We’re too quick to account this to faith. Peter does walk on water and his fear pulls him out of connection with Jesus.

Fear

There was a lot of fear this weekend. Fear from those who have been following the rise of certain white supremacist groups over the last few years. Fear from the students at UVA who were on campus when hundreds of men with torches walked onto a public university chanting nazi slogans and statements about hurting minorities.

And fear from the protestors, police, and the people of Charlottesville. A storm had come in and it was rocking the boat and in the unspooling hatred and fear, a life was lost in a horrific act of violence. And as many eyewitness accounts have stated, there could have been many more.

The Storm

Why are we so afraid of this storm? The storm which causes our fears to rise like pimples on the skin. The storm of hatred and bigotry; of white supremacy and its great fear of losing its voice, heritage, and place. It’s need to be first when Jesus tells us how we need to be last.

The storm rolled into a city which could be our own and came upon a campus which could be our neighbor and demanded we be afraid for they were laying claim to this land which wasn’t theirs, and these hearts which weren’t being offered but to accept them as equals.

How often we shrink with this fear! Shrink, sinking into the floor when the storm rolls in. The winds and fierceness. This isn’t God coming in a cloud, it’s the wrong direction. This is something far more sinister. This doesn’t win our hearts with love and mercy, it demands and steals. And we’re offered the same words today Jesus offered those frightened followers so long ago:

“Take heart, it is I; do not be afraid.”

That we might stand like the clergy and people of faith who witnessed there. They faced the darkness with its fear of violence and they kept standing.

Walking on Water

Of course I didn’t literally walk on water when I was 16. But remember that we are his disciples and we do what Jesus does. And Jesus walked on water and so did Peter.
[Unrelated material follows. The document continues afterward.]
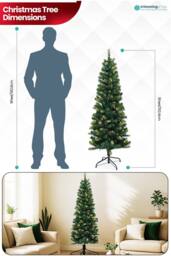 Neel Blue Pre-Lit Christmas Tree, Artificial Slim Xmas Tree with Warm LEDs in Green - Size: 6ft - thumbnail 2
He healed the sick and reconciled the separated and so did the disciples.

And we are given moment after moment to walk on water. In the way that I did, when I found his voice and found what would bring new joy into my life. The first buds of a whole vocation which had me walking on water many more times. In seminary and parish leadership. In my marriage and with my children.

I have heard that voice and if invited, I would step out of that boat and walk to Jesus. And every time, there was a wind which would distract me. And maybe I sank. It’s hard to tell sometimes. Because I always ended up back in the boat and arriving on the other side.

In the midst of the darkness which surrounds us, the storm with the howling wind, we know that if we face the wind, Jesus will be at our back. And when we turn around, we can hear his voice. In turning to him, the howl of the wind will never overwhelm him and we can hear him.

“Take heart, it is I; do not be afraid.”

And when we hear him, do we hear the invitation? To be bold and come to him? To step out and walk on water? Shall we? Just remember: it’s the fear that makes you sink.